→ **Task prompt**: Go to the line containing "Photocentric Clear Stamps" below; retype it and all following lines exactly, and leave out the pictures.

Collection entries
━━━━━━
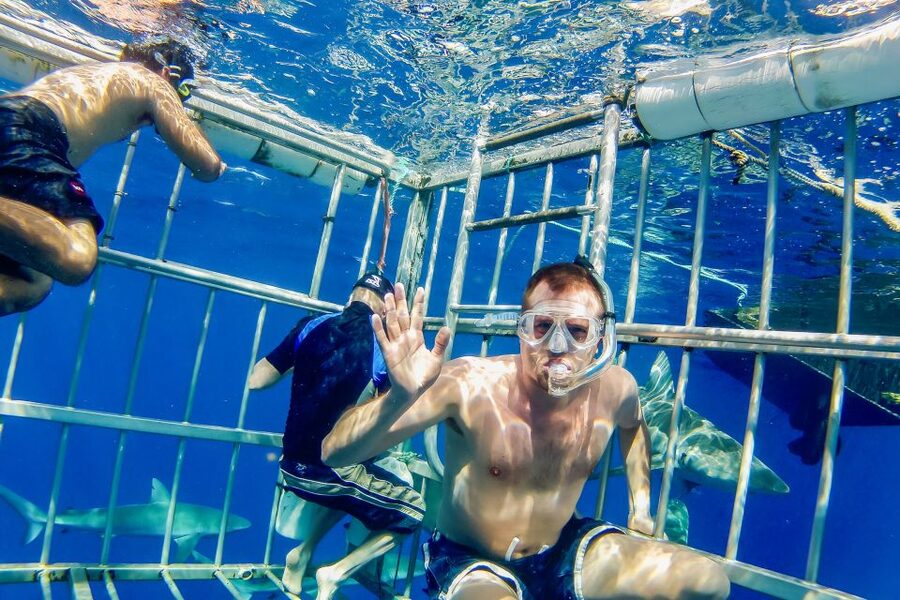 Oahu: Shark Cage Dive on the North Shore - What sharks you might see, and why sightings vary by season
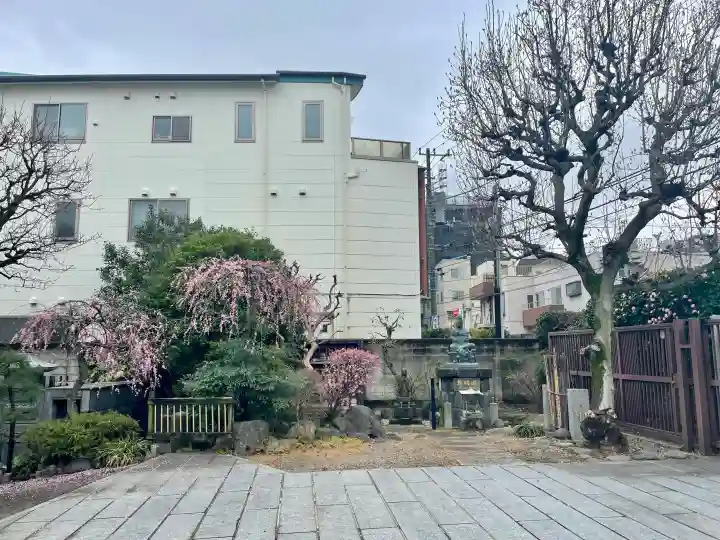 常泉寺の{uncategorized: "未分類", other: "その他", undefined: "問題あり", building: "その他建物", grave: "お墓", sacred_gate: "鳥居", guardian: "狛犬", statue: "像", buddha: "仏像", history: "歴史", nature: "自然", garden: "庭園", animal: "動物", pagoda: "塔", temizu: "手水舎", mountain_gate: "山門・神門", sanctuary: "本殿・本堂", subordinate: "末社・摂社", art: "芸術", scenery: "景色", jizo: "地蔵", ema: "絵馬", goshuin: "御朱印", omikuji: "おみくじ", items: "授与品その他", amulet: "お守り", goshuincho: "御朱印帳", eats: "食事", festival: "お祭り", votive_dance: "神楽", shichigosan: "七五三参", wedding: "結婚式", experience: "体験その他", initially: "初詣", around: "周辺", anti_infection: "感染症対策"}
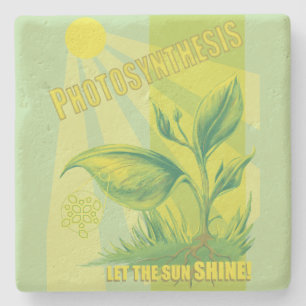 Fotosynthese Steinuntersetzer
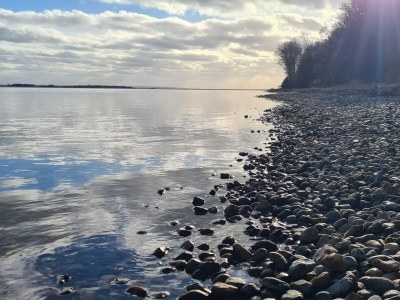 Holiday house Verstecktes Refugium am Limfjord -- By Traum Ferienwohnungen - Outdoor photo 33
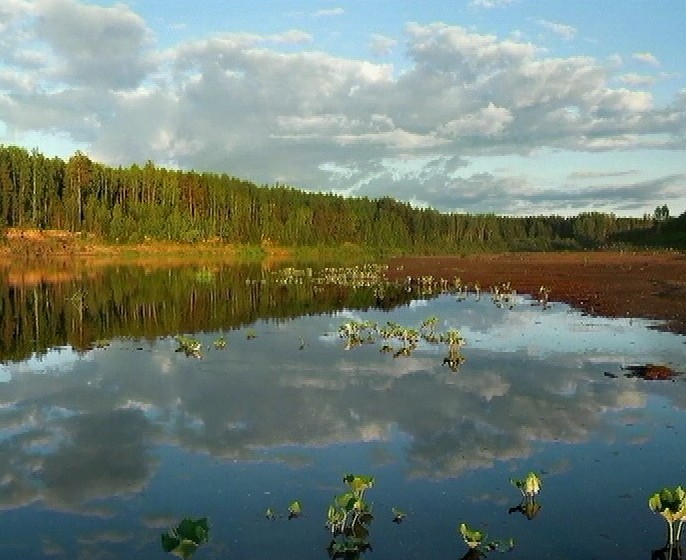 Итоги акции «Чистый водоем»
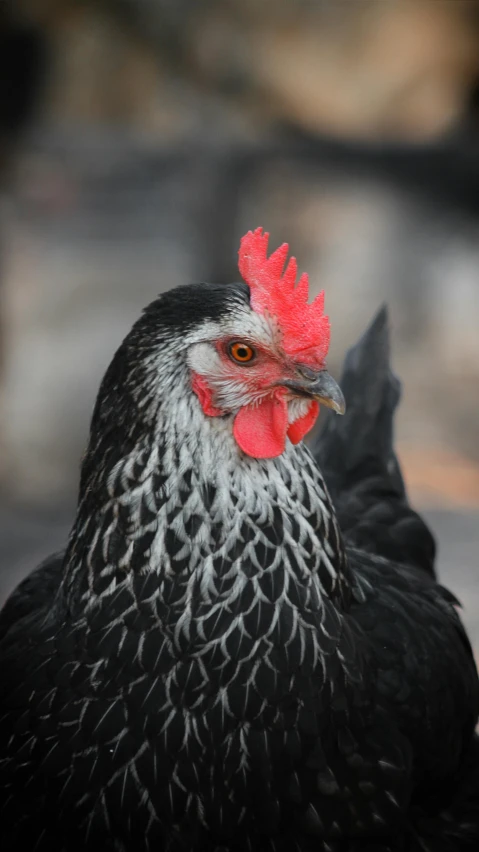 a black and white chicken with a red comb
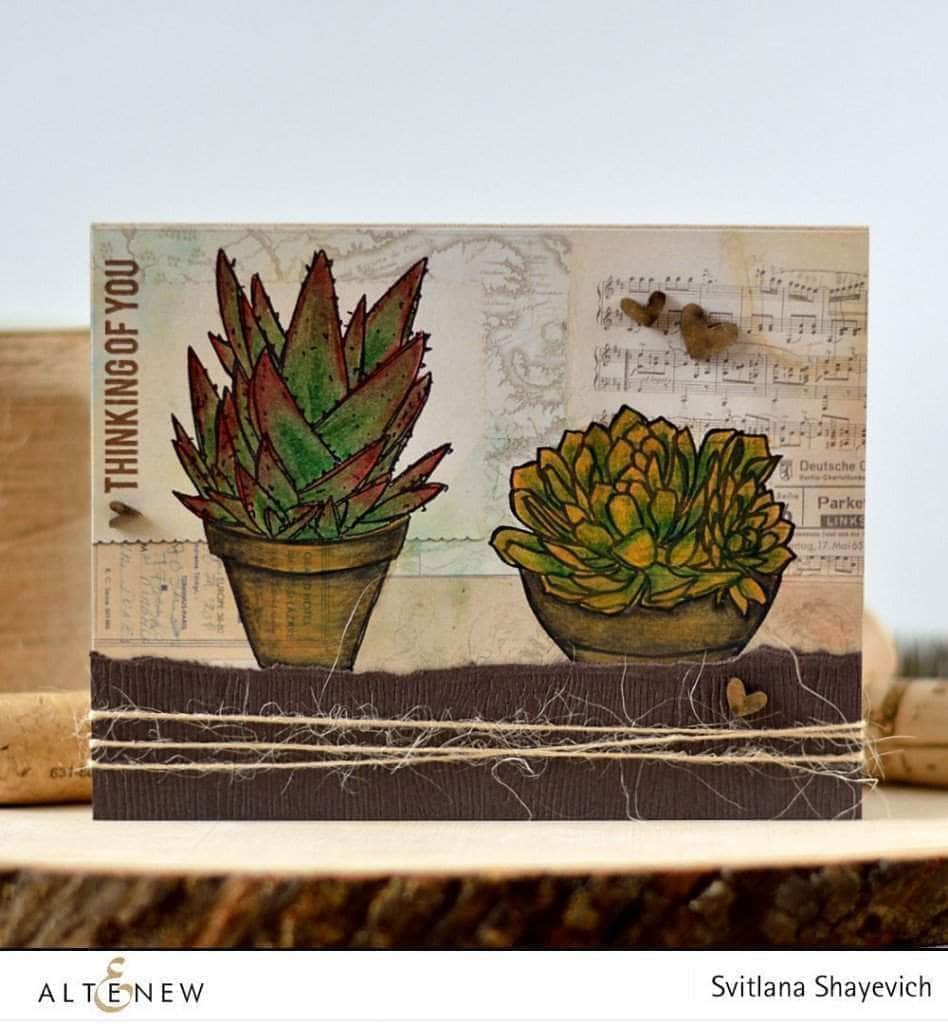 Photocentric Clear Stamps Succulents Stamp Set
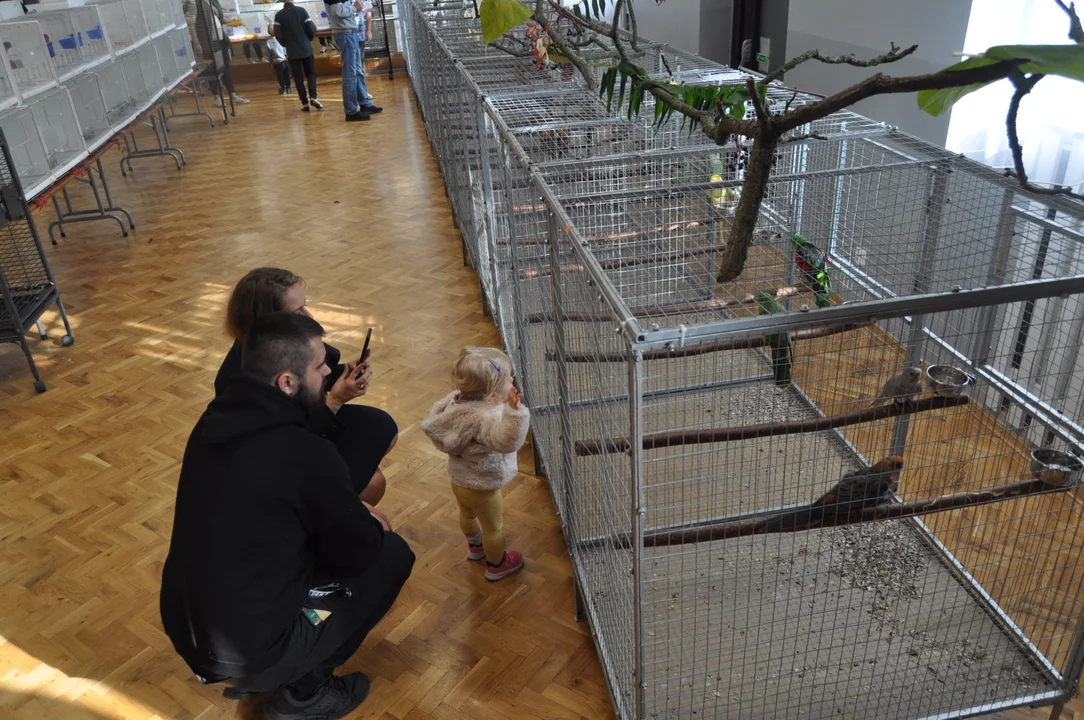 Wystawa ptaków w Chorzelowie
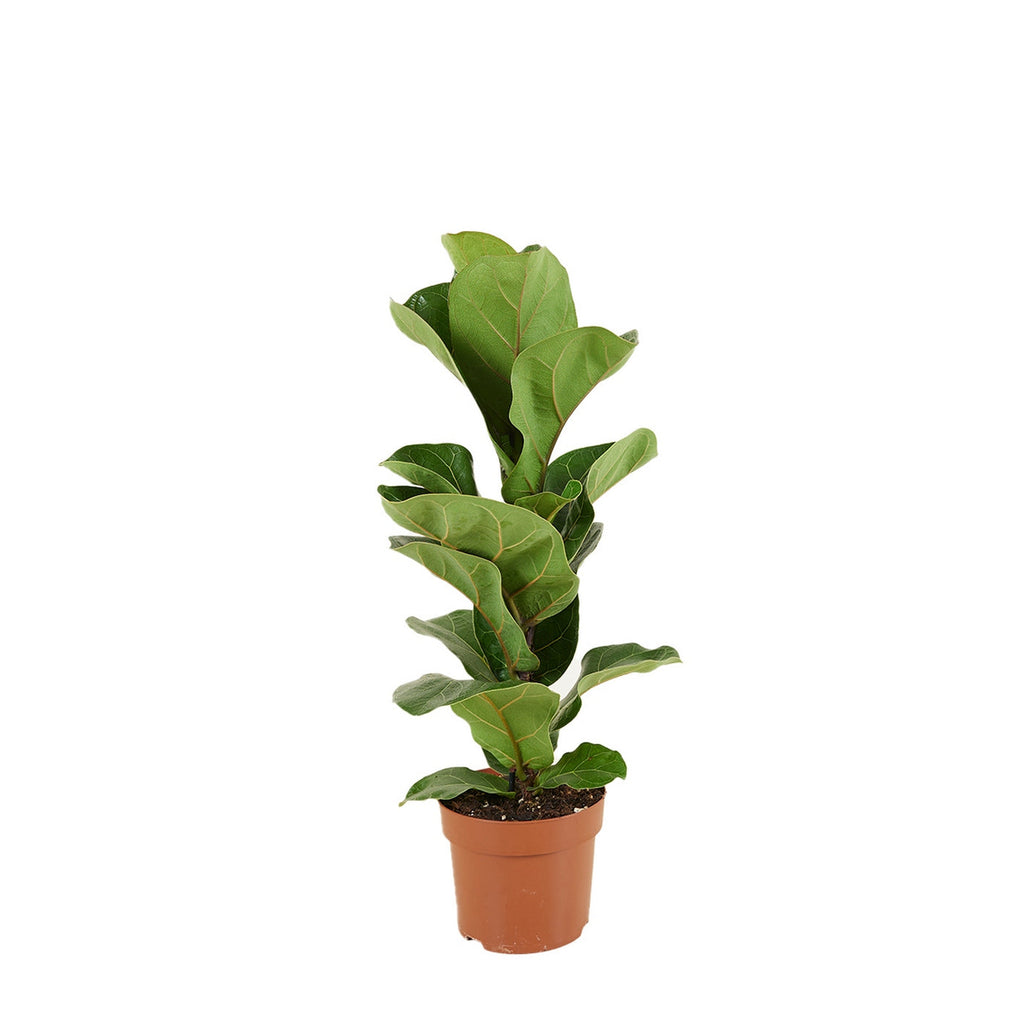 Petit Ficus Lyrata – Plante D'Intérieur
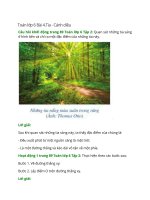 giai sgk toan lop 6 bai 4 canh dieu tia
━━━━━━
→ **Exercise result**:
 Photocentric Clear Stamps Succulents Stamp Set
 Wystawa ptaków w Chorzelowie
 Petit Ficus Lyrata – Plante D'Intérieur
 giai sgk toan lop 6 bai 4 canh dieu tia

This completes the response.